I've been trying to understand, but really don't. First photo looks like a huge crack. But where?
it looks like the part that goes under fan blade crossmember pulled off frame rail and some damage under torn..
strange it ripped where it did, probably a hit.
i would take better pics including under the car so all can give better advice.. pics below is the area i assume is in your pics..
Dalkoe
so...it's just the mount directly in front of the power steering pulley? If so, and if the rest of the frame looks fine, then just squeeze it back together and give it a good clean weld.
My alignment shop inspected mine (ages ago) and told me to get it welded before doing the alignment --- he knew that that cracks could developed there. Mine just had slight hairline cracks.
BUT make sure the rest of the frame is not falling apart also...... no use welding a rusty noodle.
HOWEVER ---- take another picture of the underside... not sure what you're showing us here:
I gotcha now, it's that little "horn" that mounts the rear of the bottom a-arm.
Is it just on the fan side of the horn that is broken while the wheel side looks OK?
I think some further investigation needs to happen to see if the forward mount for that arm is crushed toward the frame. If the wheel took a sideways hit so that the front of the suspension took the brunt of the force it would pull on the rear weld at that spot.
I'd take it to a frame shop to do a check on the frame's true-ness to see if/where it's torqued and also do the repair as they see fit.
Last edited by barkingrats; Aug 12, 2024 at 01:39 PM.
Dalkoe
so...it's just the mount directly in front of the power steering pulley? If so, and if the rest of the frame looks fine, then just squeeze it back together and give it a good clean weld.
My alignment shop inspected mine (ages ago) and told me to get it welded before doing the alignment --- he knew that that cracks could developed there. Mine just had slight hairline cracks.
BUT make sure the rest of the frame is not falling apart also...... no use welding a rusty noodle.
HOWEVER ---- take another picture of the underside... not sure what you're showing us here:
I’ll have to get some better pictures
I’ve figured out it’s the lower control arm mounting bracket is cracked and peeling from the frame.
the yellow in the picture above is where it’s peeling from. The red is the power steering
the second picture is one I got from Google showing more of the actual bracket that’s peeling from the frame
Thinking further on this, I'm wondering if the opposite of what I crossed out above happened. The rear took the brunt of an impact and bent that horn inward. It was pulled back out but the wrinkle that was created made for a weak spot. You can see that the weld didn't fail, it's the steel in the horn that tore. It appears a weld repair was attempted.
Regardless, I don't think that's safe on the road until it's repaired.
2020 Corvette of the Year Finalist (performance mods)

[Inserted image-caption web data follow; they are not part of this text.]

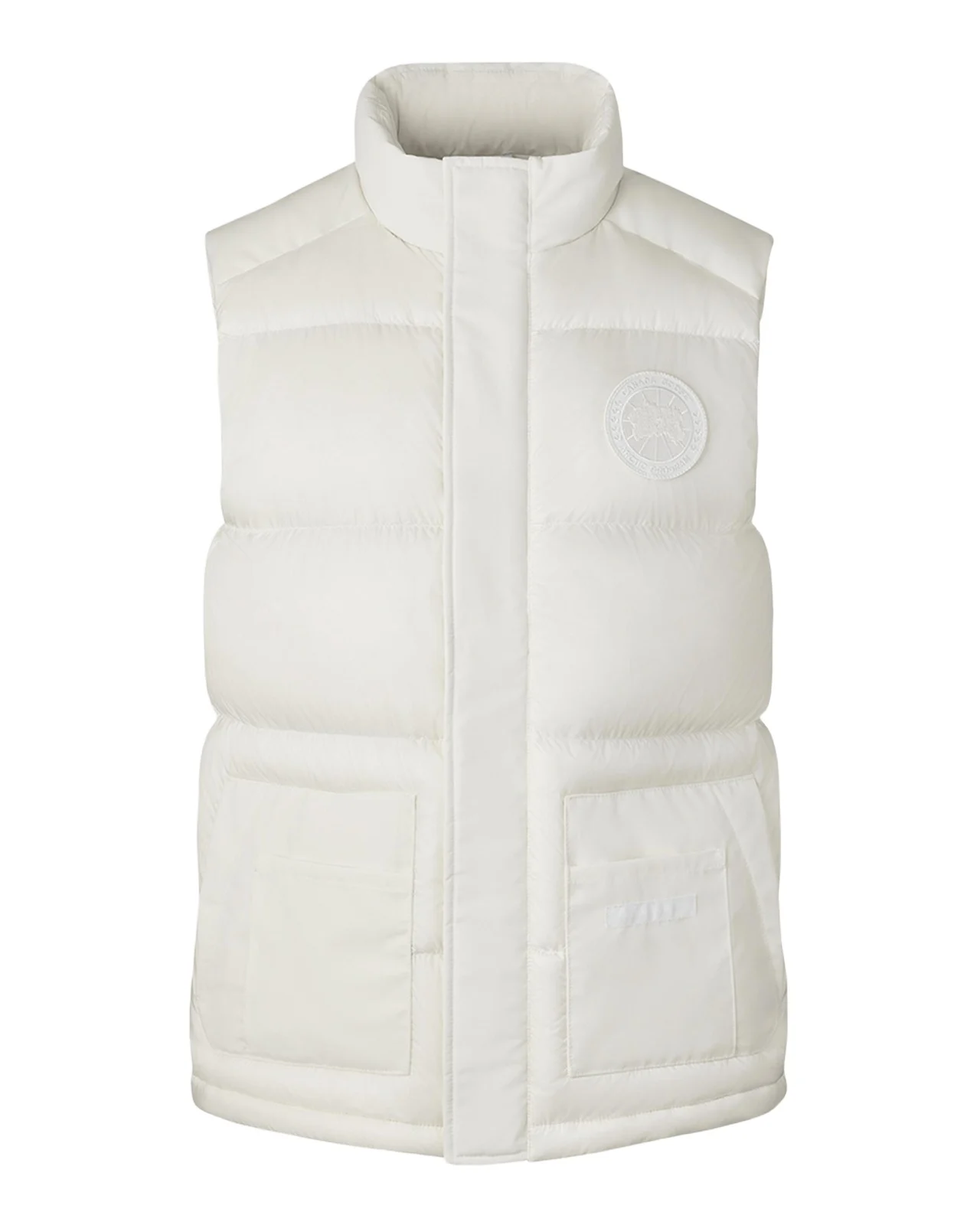 Men's Paradigm Freestyle Vest Men's Paradigm Freestyle Vest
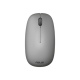 Asus W5000 | Keyboard and Mouse Set | Wireless | Russian | 2.4GHz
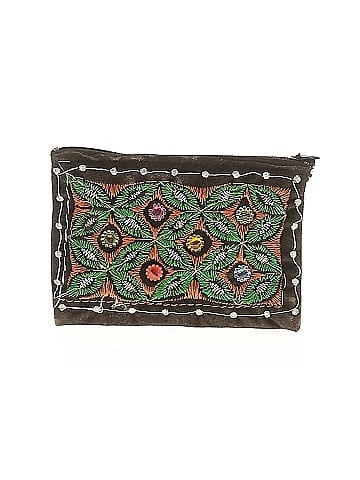 Unbranded Coin Purse (view 1)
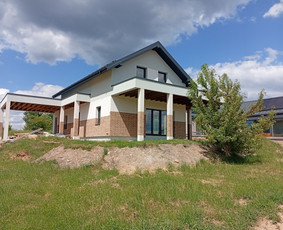Ap&scaron;iltinimas, &scaron;iltinimas - Profesionalūs fasadų sprendimai. - 3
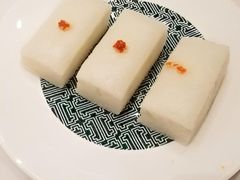 -唐宫·粤菜海鲜(万象城店)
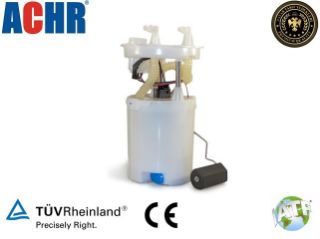 YAKIT MODÜLÜ KİA RİO I 3 BAR 90L/H OK301335ZB resmi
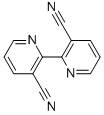 2,2-(lin)-3,3-Y(ji)(gu)ʽ_136869-49-3Y(ji)(gu)ʽ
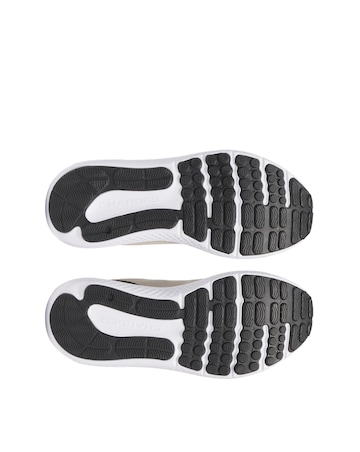 Under Armour Charged Surge 4 Trainers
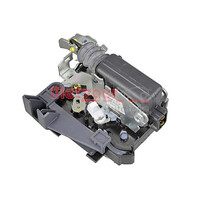 M 2314264 electriclife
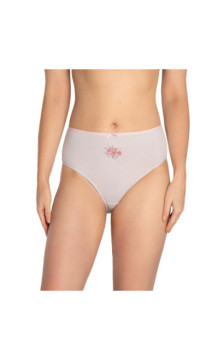 Lama panties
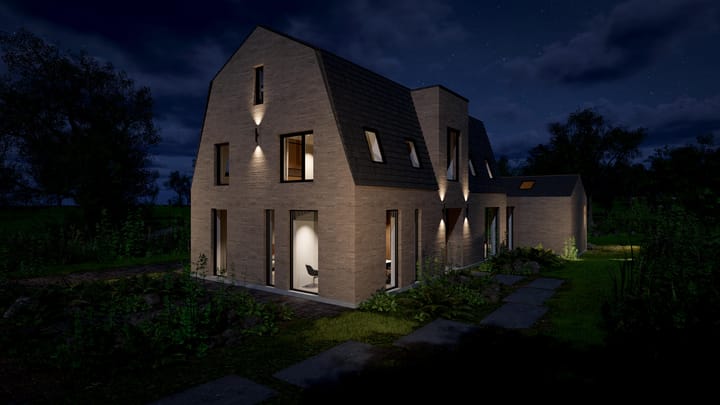 Photo 2 of Spieringweg 1220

2019 C3 of Year Winner (performance mods)
2016 C3 of Year Finalist
Yes, bring it to a frame repair shop on a trailer and show them. They can align it and weld it back together. It's no big deal with the new machines provided they have the specs. You might need to call them and ask. If they don't you can find them here with the search function
Found a local mechanic whos a certified welder through a family member, taking the car in Sunday and should be done monday. He estimated about $200 for the repair(family discount). Ill post updates when i get the car back!
I have replaced one of those frame horn brackets too.
Unfortunately it is somewhat common.
Once you find a new bracket, the two lower a-arm bolts should be exactly 16.0" apart, and parallel, at the front & rear bushing bolt centers.
That number is not available anywhere.
David Howard measured 12 frames to get it.
Just make sure you find a good welder. That can do nice smooth welds.
It will be a bit** to replace.
Both sides of the crack need to be ground clean, or it will never hold.
I would do it right, even if it means pulling the engine for access, and grinding off the old bracket.
Anything less is just a patch.
I would check the entire frame for rust spots first.
The metal was originally .110" thick, you can measure with a micrometer.
Severe pitting or scale significantly weakens it.